# Finnex planted 24/7



## AbbeysDad (Apr 13, 2016)

I have a 60g low tech that's 48x13x24 with the Finnex Planted+ 24/7. I'm running in 24/7 mode on a timer - on at 6am, off at midnight. It's working great for me and I quite like the realism of 24/7 mode (I just use the timer because I feel the fish need a period of total darkness, like real night). You have 5 more inches in depth, but I think it should work fine with just one... and you always have the option to run in max (or a custom setting) for any desired duration.

Note: you prolly already know that with a 25" depth, true high tech and/or carpet plants beyond dwarf sag is likely not in the picture unless you went with another 24/7 or other much brighter lighting.
I often wonder with a larger tank with two lights if one was running in 24/7 mode while another ran in max mode from say 11a to 4p. Still have the 24/7 effect with a much brighter midday.


----------



## Wes_Slavens (Jul 6, 2016)

AbbeysDad said:


> I have a 60g low tech that's 48x13x24 with the Finnex Planted+ 24/7. I'm running in 24/7 mode on a timer - on at 6am, off at midnight. It's working great for me and I quite like the realism of 24/7 mode (I just use the timer because I feel the fish need a period of total darkness, like real night). You have 5 more inches in depth, but I think it should work fine with just one... and you always have the option to run in max (or a custom setting) for any desired duration.
> 
> Note: you prolly already know that with a 25" depth, true high tech and/or carpet plants beyond dwarf sag is likely not in the picture unless you went with another 24/7 or other much brighter lighting.
> I often wonder with a larger tank with two lights if one was running in 24/7 mode while another ran in max mode from say 11a to 4p.

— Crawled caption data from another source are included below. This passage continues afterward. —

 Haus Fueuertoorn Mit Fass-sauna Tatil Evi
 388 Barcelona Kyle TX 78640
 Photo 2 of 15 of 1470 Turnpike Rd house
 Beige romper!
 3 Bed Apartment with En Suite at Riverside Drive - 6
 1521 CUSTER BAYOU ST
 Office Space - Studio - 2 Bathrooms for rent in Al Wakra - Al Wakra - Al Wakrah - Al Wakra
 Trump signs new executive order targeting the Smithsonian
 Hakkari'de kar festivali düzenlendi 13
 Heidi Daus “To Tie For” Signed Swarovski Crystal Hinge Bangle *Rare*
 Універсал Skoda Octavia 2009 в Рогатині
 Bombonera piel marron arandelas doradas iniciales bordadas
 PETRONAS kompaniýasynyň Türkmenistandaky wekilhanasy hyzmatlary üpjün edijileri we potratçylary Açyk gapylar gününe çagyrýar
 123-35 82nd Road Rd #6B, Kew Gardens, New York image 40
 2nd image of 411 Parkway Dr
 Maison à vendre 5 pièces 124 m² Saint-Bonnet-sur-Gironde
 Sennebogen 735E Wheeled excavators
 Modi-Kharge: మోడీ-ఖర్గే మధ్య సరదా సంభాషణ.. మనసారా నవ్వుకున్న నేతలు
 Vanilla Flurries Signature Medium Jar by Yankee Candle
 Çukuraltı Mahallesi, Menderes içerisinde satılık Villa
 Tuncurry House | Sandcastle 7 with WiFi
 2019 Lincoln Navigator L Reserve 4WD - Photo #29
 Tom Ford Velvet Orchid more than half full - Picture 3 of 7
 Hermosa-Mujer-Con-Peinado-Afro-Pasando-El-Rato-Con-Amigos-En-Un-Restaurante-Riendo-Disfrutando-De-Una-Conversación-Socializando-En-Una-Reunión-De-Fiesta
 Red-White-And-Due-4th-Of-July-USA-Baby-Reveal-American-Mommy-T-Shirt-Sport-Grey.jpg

Still have the 24/7 effect with a much brighter midday.


All I have in the tank is dwarf sag and low light crypts and anubias.
So what is the difference in the modes of the light if you don't mind?
The custome?
24/7?
Timer? 





Sent from my SAMSUNG-SM-G935A using Tapatalk


----------



## AbbeysDad (Apr 13, 2016)

In addition to 24/7 mode, there's a demo button and sunny, cloudy, storm and moonlight buttons on the remote. You can also program 4 custom modes where you adjust white and RGB intensity levels to your preference. I only played with it a little bit so as not to freak my fish too much and quickly opted for 24/7 mode for the surrealism. The only short coming is that 24/7 is pre-programmed so there's no adjustment. The light ramps up to max and has brightest light between 11a and 3p, then ramps down to sunset/moonlight. This is working fine for my low tech tank (even with the 24" depth), but I could make a case for having a brighter (adjustable) period a bit longer. Also, although low/blue light, I thought it stayed a bit too bright in the wee hours which is why I opted to use a timer...although it remembers 24/7 mode and when it comes back on, it comes on at 6am feature time (which is what happens if/when there's a power failure). This is why I have the timer set to come on at 6am. Basically though, I'm very happy with the light.


----------



## Waters (Oct 15, 2012)

I am running a 65 gallon high tech tank with two 24/7s and one FugeRay planted+. I have the 24/7s on a timer to shut off at 8 everynight. The FugeRay is just used to extend the high light period of the 24/7s and runs from about 3 to 5:30. One 24/7 light on that tank would keep you in the low to medium lighting.


----------



## ScottR88 (Dec 4, 2016)

AbbeysDad said:


> In addition to 24/7 mode, there's a demo button and sunny, cloudy, storm and moonlight buttons on the remote. You can also program 4 custom modes where you adjust white and RGB intensity levels to your preference. I only played with it a little bit so as not to freak my fish too much and quickly opted for 24/7 mode for the surrealism. The only short coming is that 24/7 is pre-programmed so there's no adjustment. The light ramps up to max and has brightest light between 11a and 3p, then ramps down to sunset/moonlight. This is working fine for my low tech tank (even with the 24" depth), but I could make a case for having a brighter (adjustable) period a bit longer. Also, although low/blue light, I thought it stayed a bit too bright in the wee hours which is why I opted to use a timer...although it remembers 24/7 mode and when it comes back on, it comes on at 6am feature time (which is what happens if/when there's a power failure). This is why I have the timer set to come on at 6am. Basically though, I'm very happy with the light.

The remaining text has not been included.